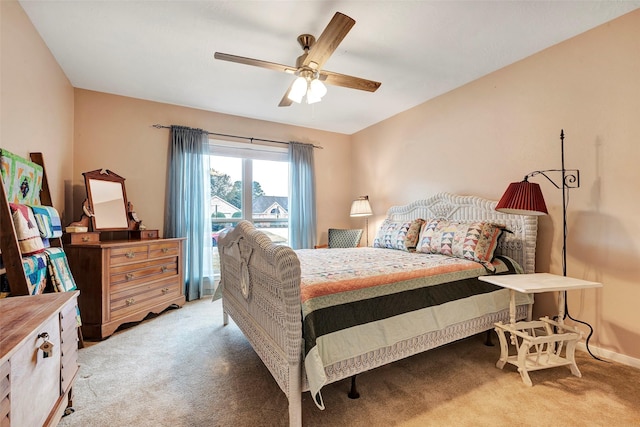 bedroom featuring light colored carpet and ceiling fan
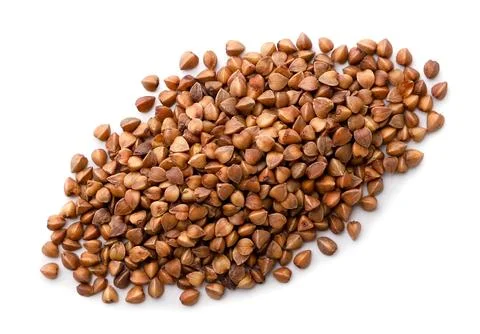 Pile of raw buckwheat on a white background. Top view Stock Photos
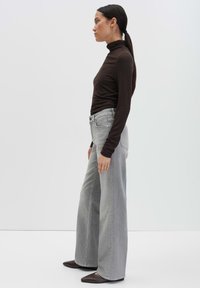 Vrouw staat zijwaarts gekeerd in een bruine coltrui, lichtgrijze wijde jeans en puntige donkerbruine schoenen tegen een effen witte achtergrond.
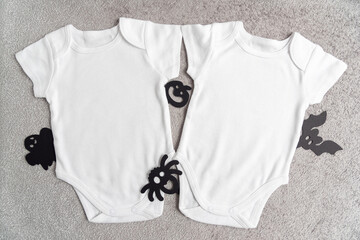 White baby rompers and spooky black paper decorations on grey soft fabric surface view from above....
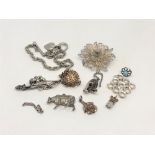 A silver filigree brooch and a small quantity of silver/white metal jewellery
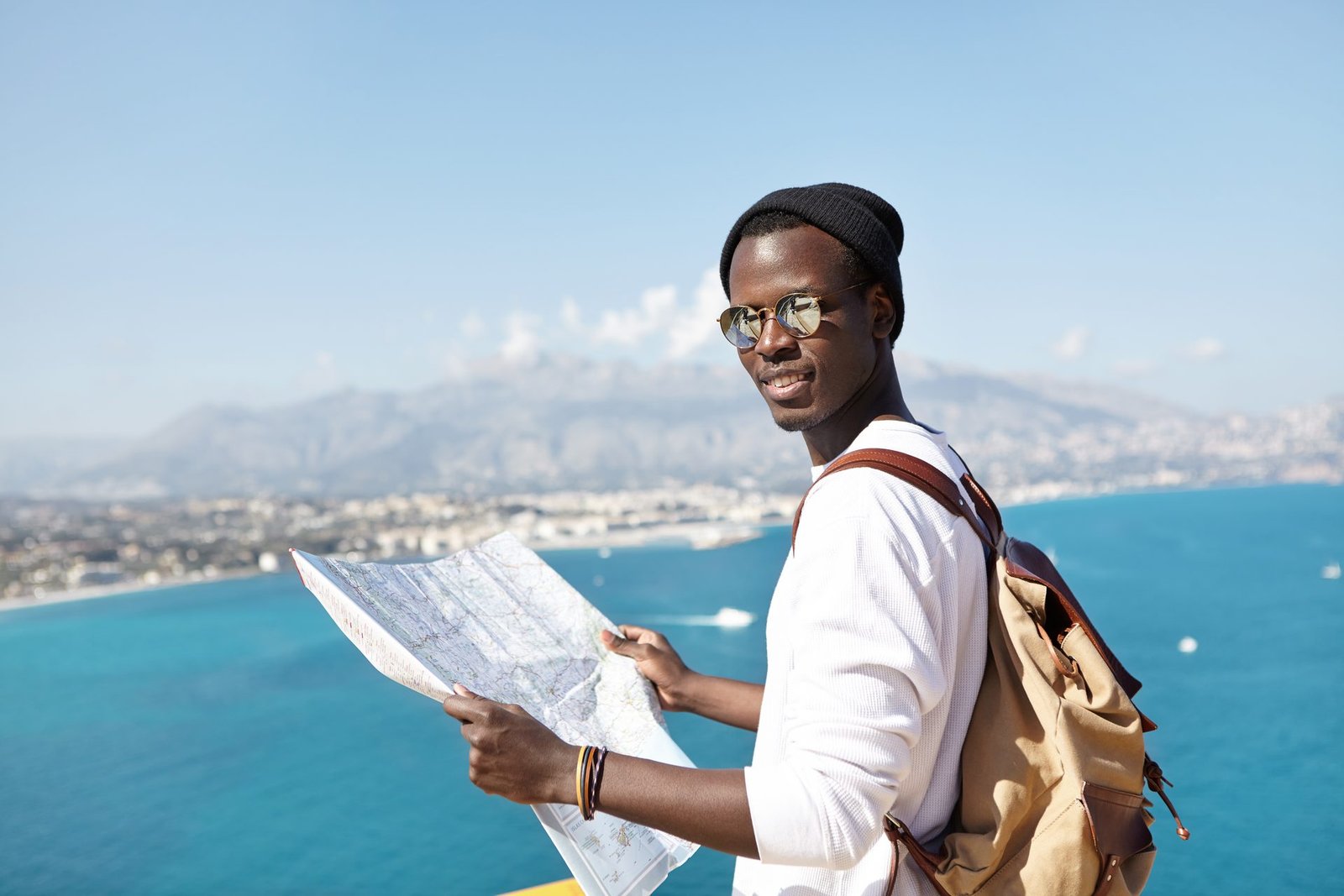 Voyageur observant une ville côtière espagnole avec une carte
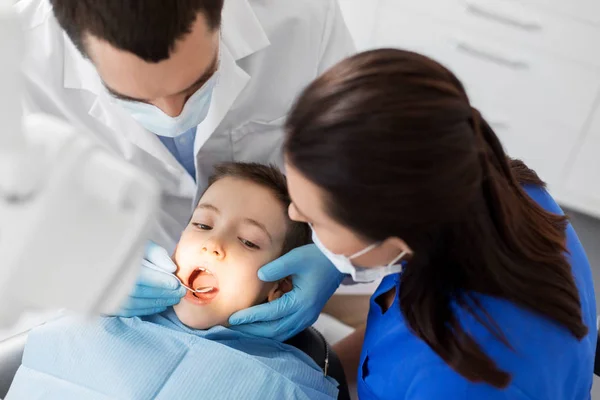 Tandläkare som kontroll för kid tänder på tandvårdsklinik — Stockfoto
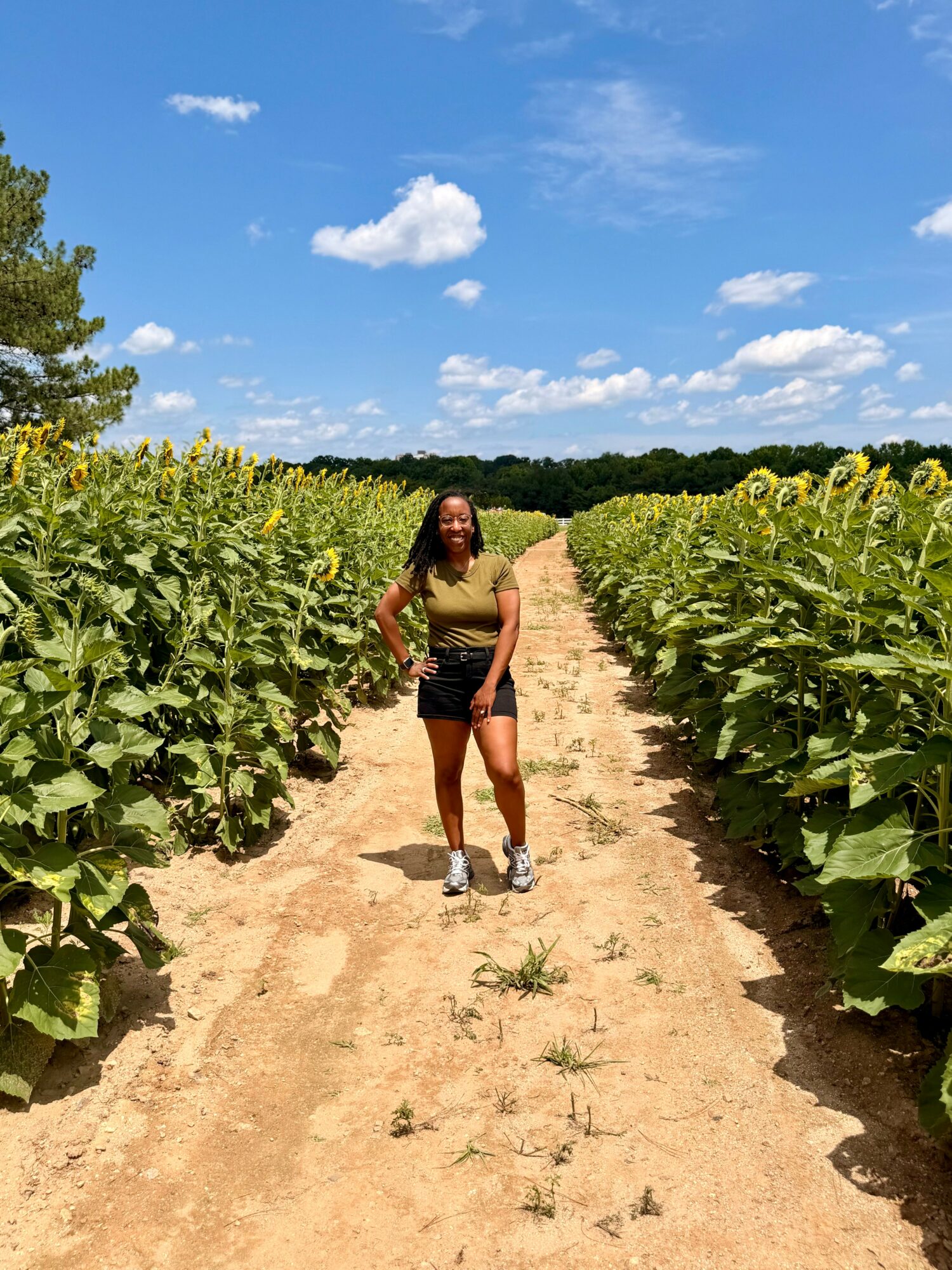 Woman standing on a dirt path between sunflower fields under a blue sky with clouds.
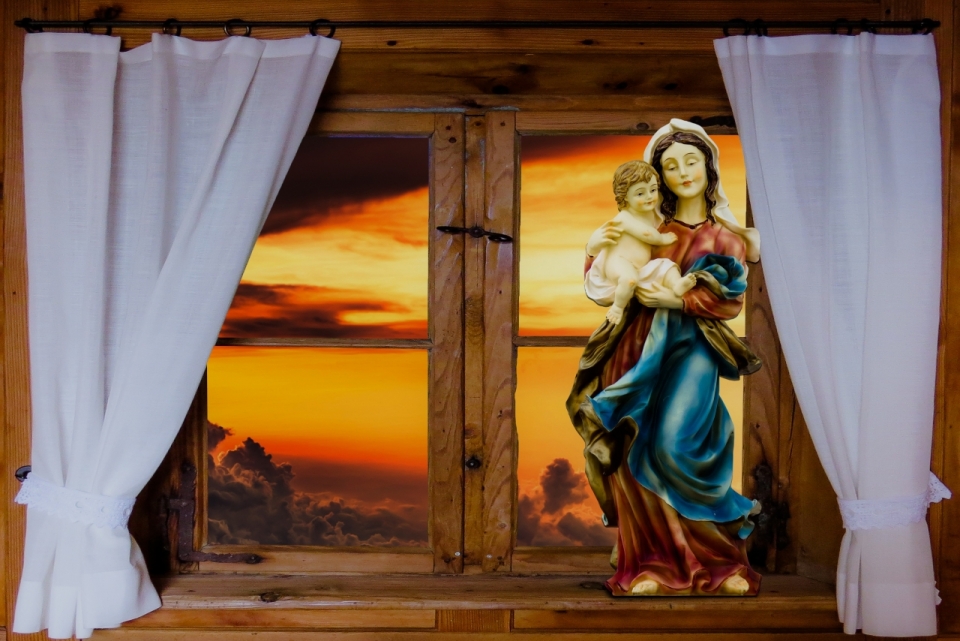 木窗台上圣母雕像和窗外美丽晚霞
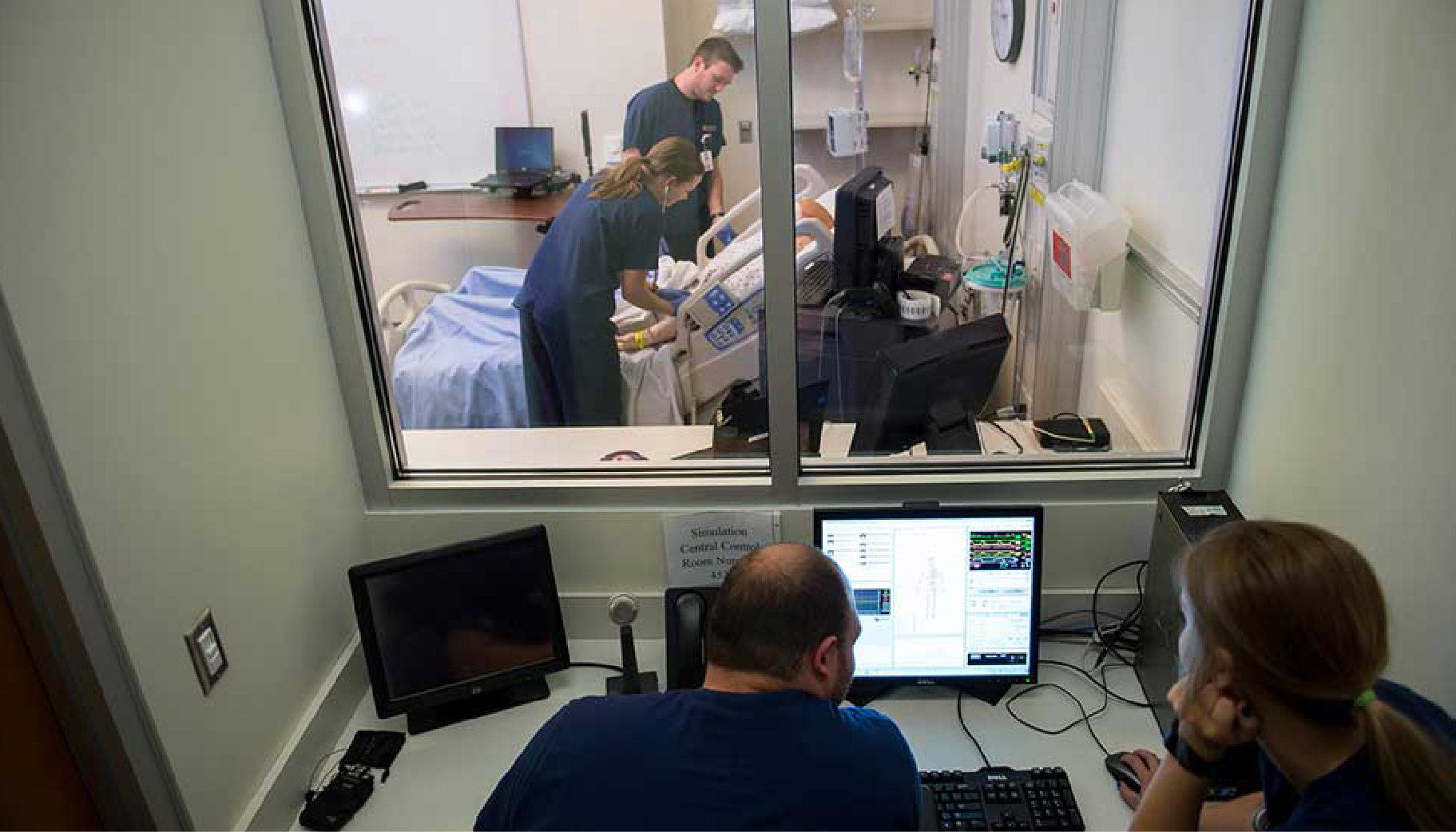 Two nursing students in a nursing simulation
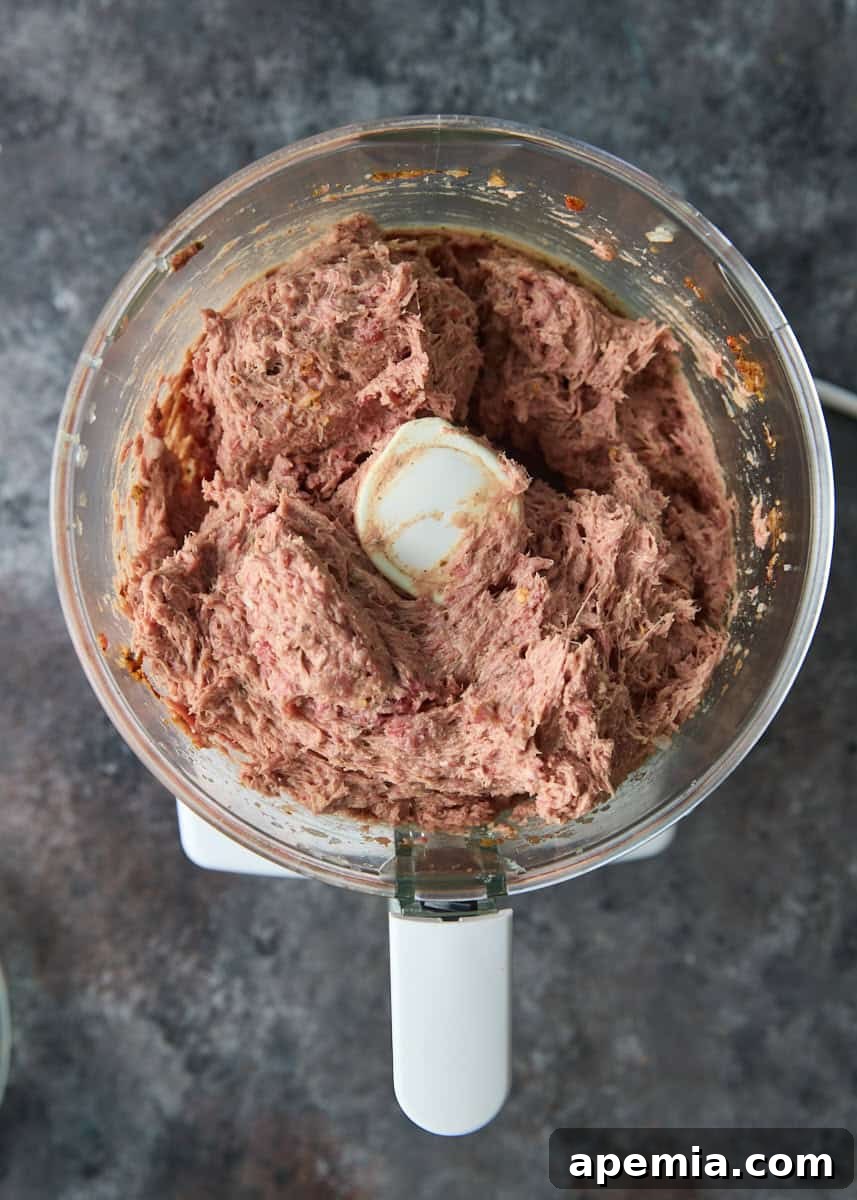 overhead process shot: meat in food processor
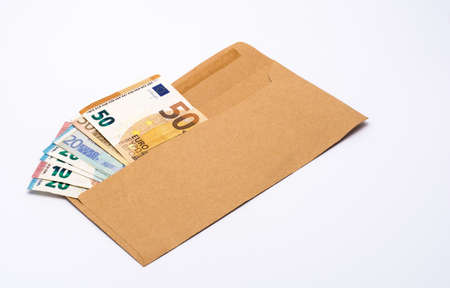Several euro banknotes in a paper envelopeの写真素材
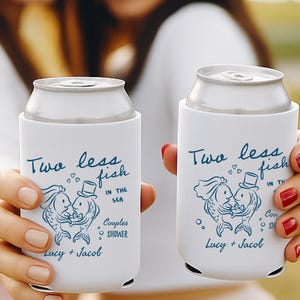 Puede incluir: Dos enfriadores de latas blancos con texto e ilustraciones azules. El texto dice "Two less fish in the sea" con una ilustración de una pareja de peces. Los nombres "Lucy + Jacob" también están impresos en los enfriadores. Los enfriadores están diseñados para una despedida de solteros.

→ BRIEF
Copy out all the data exactly; skip the pictures.

→ ANSWER TO THIS EXERCISE
 bedroom featuring light colored carpet and ceiling fan
 Pile of raw buckwheat on a white background. Top view Stock Photos
 Vrouw staat zijwaarts gekeerd in een bruine coltrui, lichtgrijze wijde jeans en puntige donkerbruine schoenen tegen een effen witte achtergrond.
 White baby rompers and spooky black paper decorations on grey soft fabric surface view from above....
 A silver filigree brooch and a small quantity of silver/white metal jewellery
 Voyageur observant une ville côtière espagnole avec une carte
 Tandläkare som kontroll för kid tänder på tandvårdsklinik — Stockfoto
 Woman standing on a dirt path between sunflower fields under a blue sky with clouds.
 木窗台上圣母雕像和窗外美丽晚霞
 Two nursing students in a nursing simulation
 overhead process shot: meat in food processor
Several euro banknotes in a paper envelopeの写真素材
 Puede incluir: Dos enfriadores de latas blancos con texto e ilustraciones azules. El texto dice "Two less fish in the sea" con una ilustración de una pareja de peces. Los nombres "Lucy + Jacob" también están impresos en los enfriadores. Los enfriadores están diseñados para una despedida de solteros.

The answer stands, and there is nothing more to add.